YOUR GOAL: Among the lines below, output only those between the line holding "Black Leather Trifold Wallet with Chain" and the line holding "Sweat-shirt graphique à", inclusive, exactly as written and with no pictures.

* * * * *

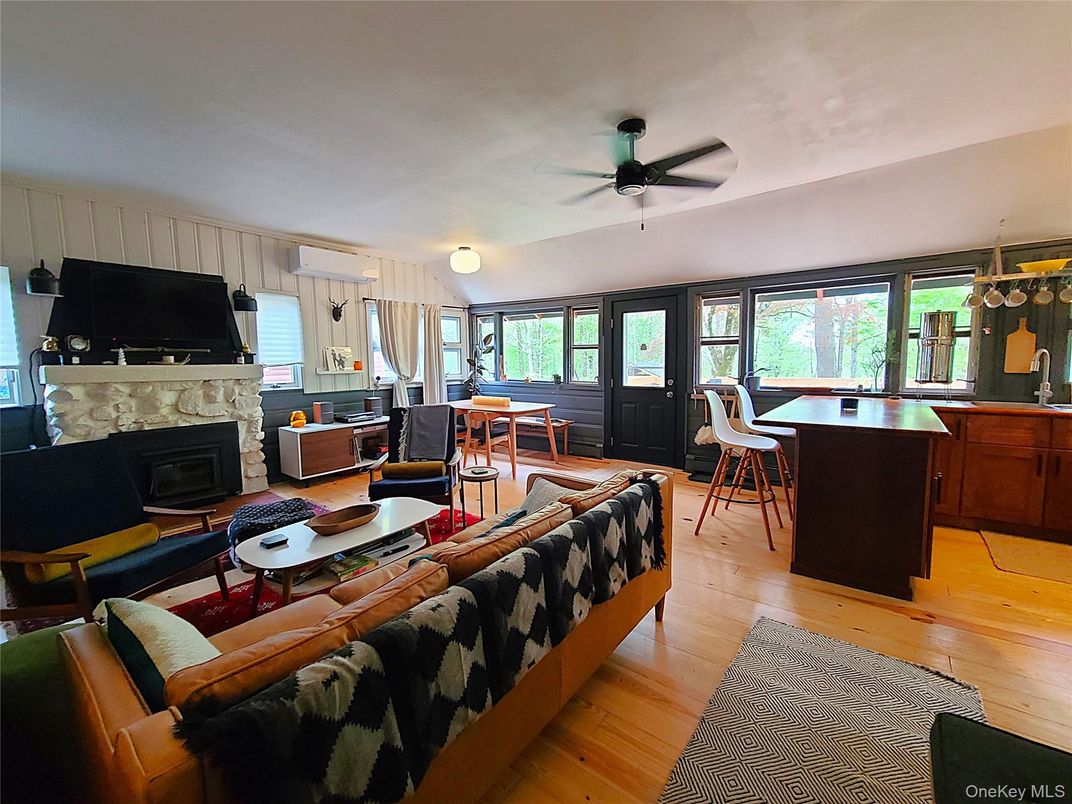 Dining room, Fireplace, Interior, Living room, Wood Texture Flooring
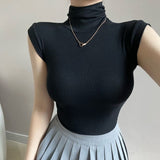 2025 Thai Pile High-Necked Sleeveless Tight T-Shirt Solid Color Body Bottom Shirt Thin Inside The Top Woman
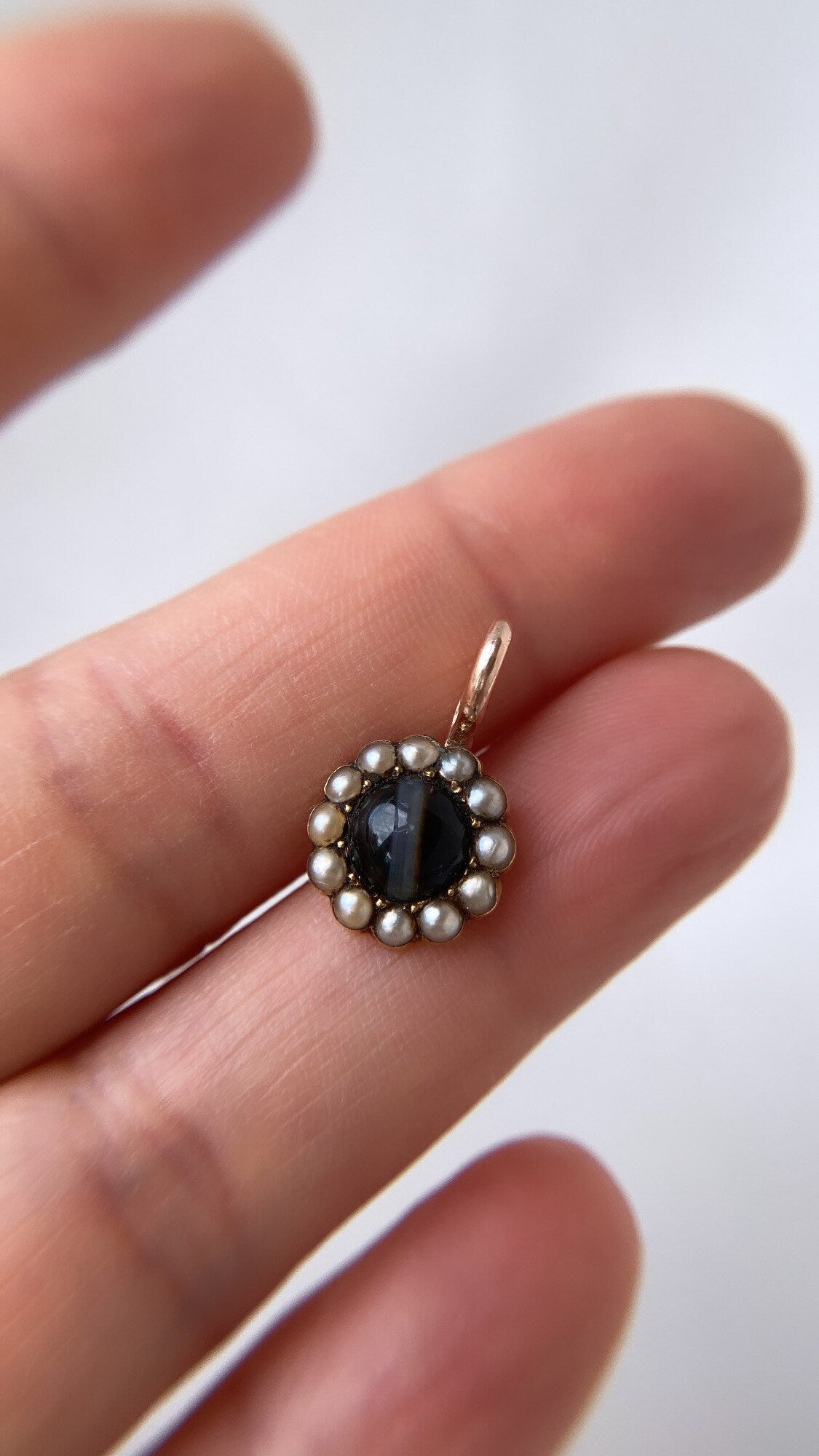 antique banded agate and pearl charm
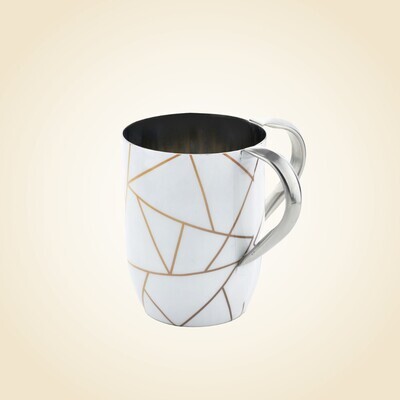 White/Gold Abstract Wash Cup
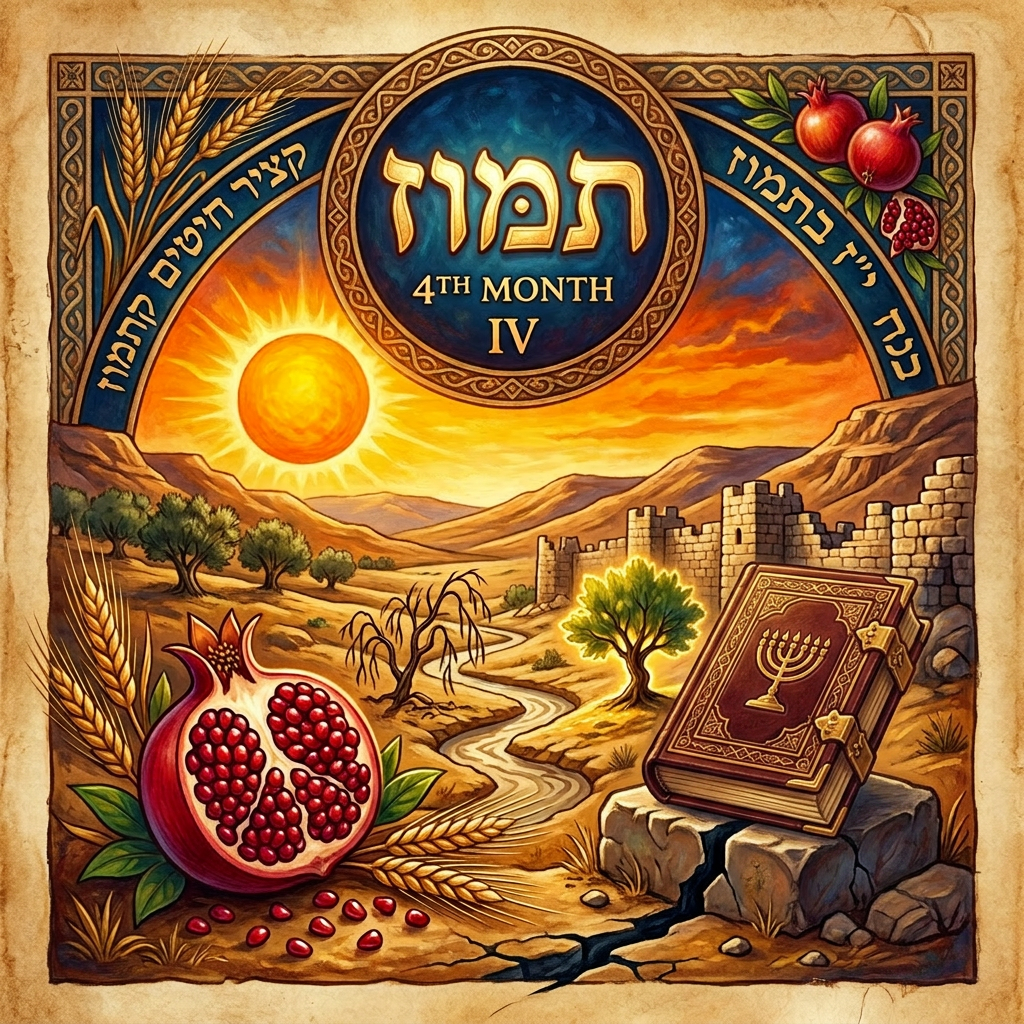 Artistic depiction of the Hebrew month Tammuz with pomegranate, wheat, sun, ancient walls, and musical instruments.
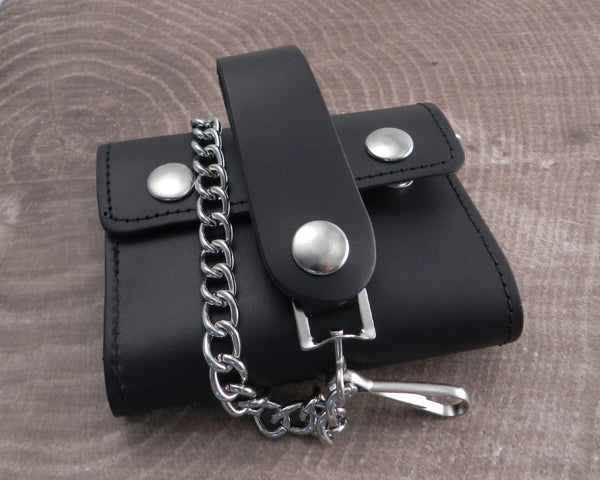 Black Leather Trifold Wallet with Chain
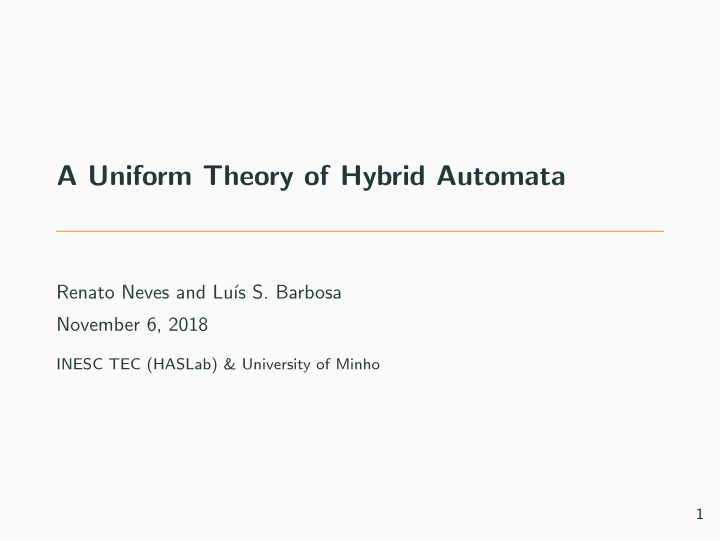 a uniform theory of hybrid automata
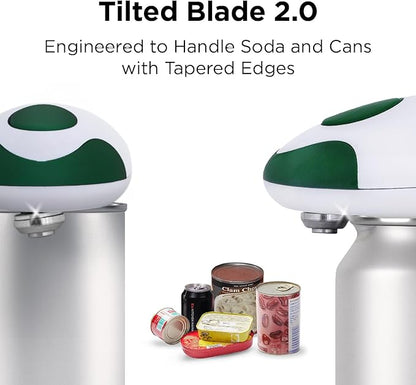 Kitchen Mama Auto 2.0 Electric Can Opener: Blade Opens Almost Any Can Pop or Soda Can - Automatic, Hands Free, Safe, Smooth Edge, Lid Remover, Battery Operated, Cordless, YES YOU CAN (Alpine Green)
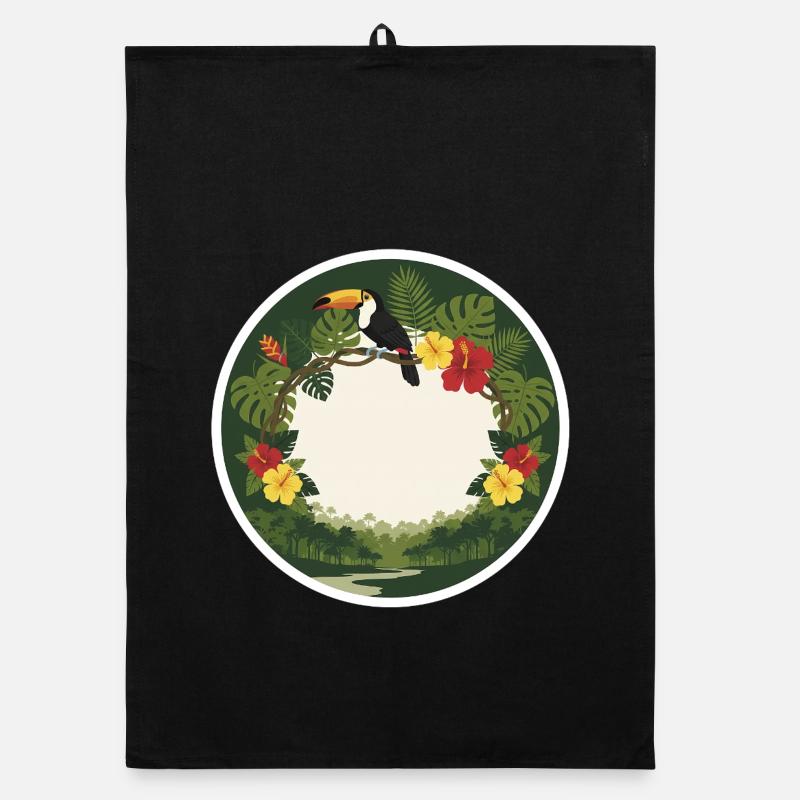 Toucans tropicales et feuillage circulaire Torchon bio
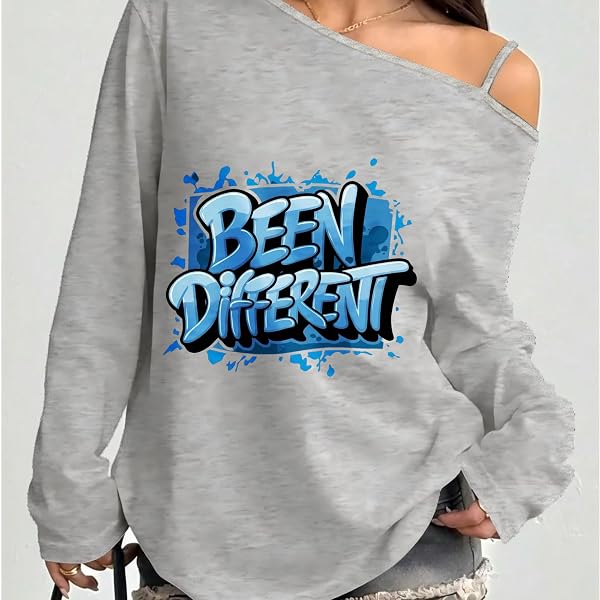 Sweat-shirt graphique à épaules dénudées pour femme avec imprimé différent – T-shirt décontracté à manches longues style urbain ample - 2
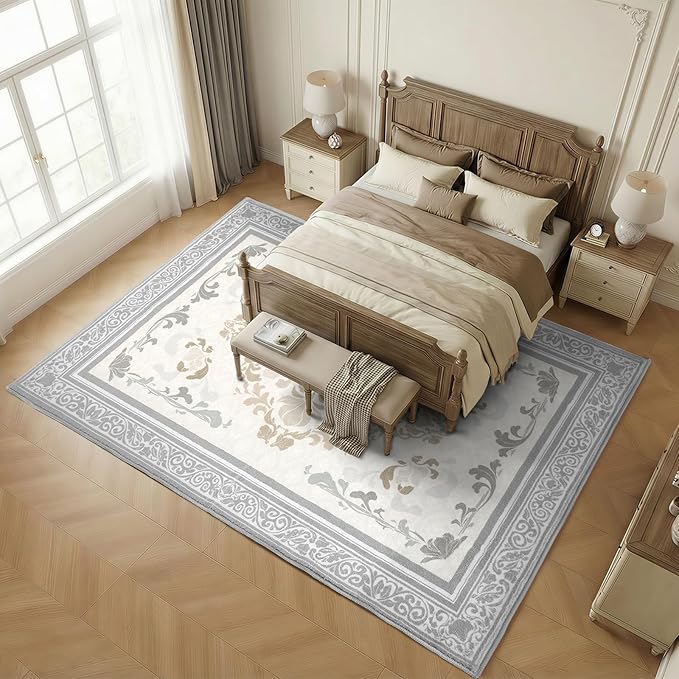 SOULFUL Medium Pile 2x3 Entryway Rug - Soft Foot Feel Small Area Rug - Light Taupe Boho Floral - Washable Non-Slip - Perfect for Hallway Kitchen Bedroom Bathroom Indoor Entrance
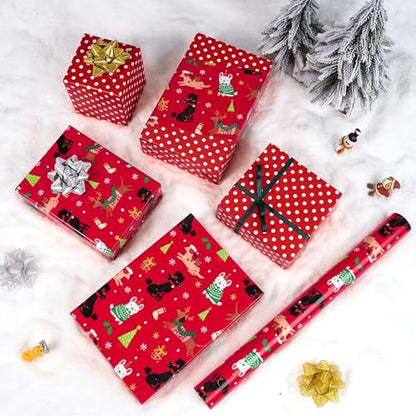 WERNNSAI Dog Christmas Wrapping Paper Jumbo Roll 33 ft Puppy Red - color: Christmas Puppy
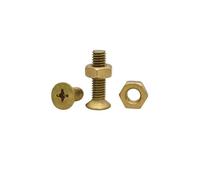5-50pcs M2 .5 M3 M4 M5 M6 Brass Copper 2 In 1 Flat Head Bolt Nut Combination Set Cross Countersunk Screw Hexagon Nuts(M4x35mm-10Sets)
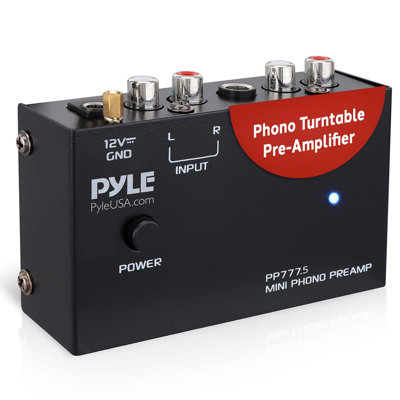 Pyle Phono Turntable Preamp - Mini Audio Stereo Phonograph Preamplifier With RCA Inputs & Outputs, Low Noise Operation, 12V DC Adapter Powered, Compatible With Turntables, Receivers, Speakers & More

* * * * *

EXERCISE SOLUTION:
 Black Leather Trifold Wallet with Chain
 a uniform theory of hybrid automata
 Kitchen Mama Auto 2.0 Electric Can Opener: Blade Opens Almost Any Can Pop or Soda Can - Automatic, Hands Free, Safe, Smooth Edge, Lid Remover, Battery Operated, Cordless, YES YOU CAN (Alpine Green)
 Toucans tropicales et feuillage circulaire Torchon bio
 Sweat-shirt graphique à épaules dénudées pour femme avec imprimé différent – T-shirt décontracté à manches longues style urbain ample - 2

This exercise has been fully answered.